**WHAT THE TASK ASKS:**
From the first record through the last, copy each one exactly.

**EXERCISE MATERIALS:**
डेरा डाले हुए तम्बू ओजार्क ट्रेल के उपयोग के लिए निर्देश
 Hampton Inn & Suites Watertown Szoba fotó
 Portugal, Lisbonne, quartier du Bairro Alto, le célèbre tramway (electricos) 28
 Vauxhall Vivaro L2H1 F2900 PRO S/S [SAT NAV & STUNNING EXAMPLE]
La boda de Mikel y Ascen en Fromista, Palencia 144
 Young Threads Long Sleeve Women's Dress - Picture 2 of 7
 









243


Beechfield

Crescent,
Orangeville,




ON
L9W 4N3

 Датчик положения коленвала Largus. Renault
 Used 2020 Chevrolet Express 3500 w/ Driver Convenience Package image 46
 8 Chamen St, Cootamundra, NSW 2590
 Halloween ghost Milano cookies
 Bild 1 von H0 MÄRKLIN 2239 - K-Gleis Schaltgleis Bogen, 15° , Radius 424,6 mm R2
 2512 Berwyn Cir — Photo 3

**YOUR SOLUTION:**
डेरा डाले हुए तम्बू ओजार्क ट्रेल के उपयोग के लिए निर्देश
 Hampton Inn & Suites Watertown Szoba fotó
 Portugal, Lisbonne, quartier du Bairro Alto, le célèbre tramway (electricos) 28
 Vauxhall Vivaro L2H1 F2900 PRO S/S [SAT NAV & STUNNING EXAMPLE]
La boda de Mikel y Ascen en Fromista, Palencia 144
 Young Threads Long Sleeve Women's Dress - Picture 2 of 7
 









243


Beechfield

Crescent,
Orangeville,




ON
L9W 4N3

 Датчик положения коленвала Largus. Renault
 Used 2020 Chevrolet Express 3500 w/ Driver Convenience Package image 46
 8 Chamen St, Cootamundra, NSW 2590
 Halloween ghost Milano cookies
 Bild 1 von H0 MÄRKLIN 2239 - K-Gleis Schaltgleis Bogen, 15° , Radius 424,6 mm R2
 2512 Berwyn Cir — Photo 3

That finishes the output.